But I digress…
As silly as it sounds, if you’re a westerner like me looking to up your culture-cred by taking a trip to the far east, you could do worse than visiting Japan. It’s stunning. What’s ironic though, is just how incredible their celebration of the novelty of western culture’s celebration of fantasy, imagination, and lore is. And what I’m referring to, of course, is the Tokyo Disney Resort. I don’t feel stupid saying this: If you go to Japan, as dorky as it sounds, you need to budget a minimum of two days to experience this place. Nothing like it has ever been created and nothing like it probably ever will be created again in our lifetime.
As I said above, today I’ll focus on the land within the Tokyo DisneySea park called the Mysterious Island. I preemptively apologize to you that my photos aren’t better. At the time, I was still figuring out photography for myself and was working with nothing more than an average point-and-shoot Canon Powershot S110 (more on this in a subsequent post), but let’s get into this:
• The Mysterious Island •
The Mysterious Island is centered around the themes covered in three of Jules Verne’s novels: 20,000 Leagues Under the Sea, The Mysterious Island, and Journey to the Center of the Earth. While the books provided the framework for the creation of the land, the visual design drew all of its inspiration from the production and art design on the 1954 Disney film, as spearheaded by Harper Goff, Emile Kuri, and the unsung hero Fred Stoos (who drafted the final green-lit design for the Nautilus Submarine we all know and love)…with heavy reference being taken from the evolved designs of Tom Sherman, a protege of Harper Goff and steward of the film’s legacy from the 70’s through the mid 90’s.
The overall look of The Mysterious Island matches that of Vulcania from 20,000 Leagues Under the Sea, with a lagoon in the center where one can find Captain Nemo’s Nautilus submarine docked, along with various and sundry shops and food and beverage options, and no clear indicators pointing to where the rides queues themselves form. There are simply paths and walkways everywhere, which leaves it up to you to explore the area and wherein you might find your way onto a ride. I just loved it.
Around the Mysterious Island Lagoon
The Nautilus is one of two displayed in Disney parks (the other being in Paris…yes…another post), with this one being less accurate to the film and more fanciful as envisioned by Tim Delaney, a former Disney Imagineer who now runs his own design firm. The great thing about this boat is that you can walk right up to it (unlike Paris) and look in at the very accurate binnacle, wheel, compass, etc!

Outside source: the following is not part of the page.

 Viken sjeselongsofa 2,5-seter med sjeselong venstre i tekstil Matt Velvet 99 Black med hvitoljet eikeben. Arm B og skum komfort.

It’s always inspiring to see full-size facsimiles of this submarine, I only wish I had been around for the original iteration in Disneyland back in the 50’s and 60’s.

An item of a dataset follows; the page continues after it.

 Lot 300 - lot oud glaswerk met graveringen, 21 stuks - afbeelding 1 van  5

The Nautilus and its accompanying E-Ticket Ride
Opposite the Nautilus in the lagoon is its namesake ride, indicated by a large spiral ramp downward into the bowels of the “island” but with no clear signs that I can recall indicating that that is what the ramp is an entrance to. The ride vehicles for the ride are somewhat polarizing in their design. On the one-hand, they’re the least hydrodynamic looking things you’ve ever seen. On the other hand, they’re completely self-contained vehicles on an inverted track running through an immensely detailed dry-for-wet e-ticket experience that is incredible. I’m sorry I don’t have pictures to show as I had to plug my ears for most of the ride. It’s very loud, and I don’t like overly loud sounds (not the ride’s fault…I’m just weird). If I go back, I’ll wear earplugs and photograph the heck out of that ride.

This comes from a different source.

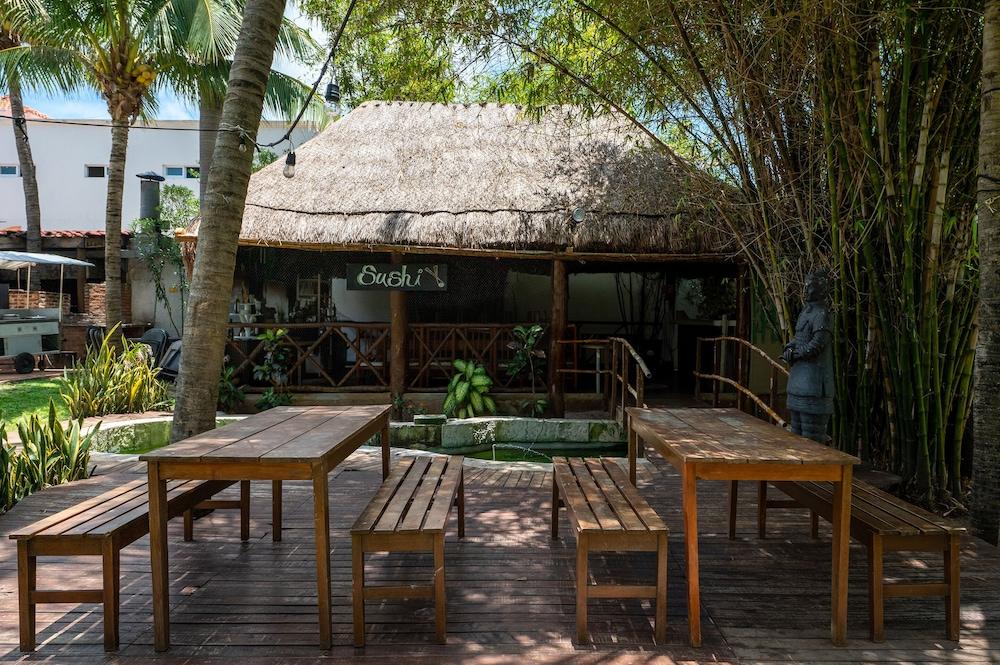 restaurant cafeteria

The Island’s other major attraction is Journey to the Center of the Earth, a ride based on the same platform as Disneyland’s Indiana Jones and the Temple of the Forbidden Eye (I believe the folks at Disney refer to the platform as EMV or Enhanced Motion Vehicle). The entrance to this queue was also somewhat ambiguous and looked like a giant covered open space to take shelter from inclement weather, but once you found your way in, you passed through miles of Disney serpentine and by numerous cages filled with Victorian ephemera meant to evoke the industrial age of Western European scientific exploits. You then enter elevators that take you down, once again, into the bowels of the island (and toward the center of the Earth) and board ride vehicles that take you on a journey through all sorts of fanciful underground settings as imagined from the book, culminating in an encounter with a gigantic and impressively fluid rock creature that cues the ride vehicle to high-tail it outa there, and of course, there’s a huge drop at the end.
Journey to the Center of the Earth
There are of course, shops and dining to be had, although they were not allowing lookie-loos like me into the restaurant (I wasn’t hungry so I couldn’t go inside), and you can see a couple of photos below.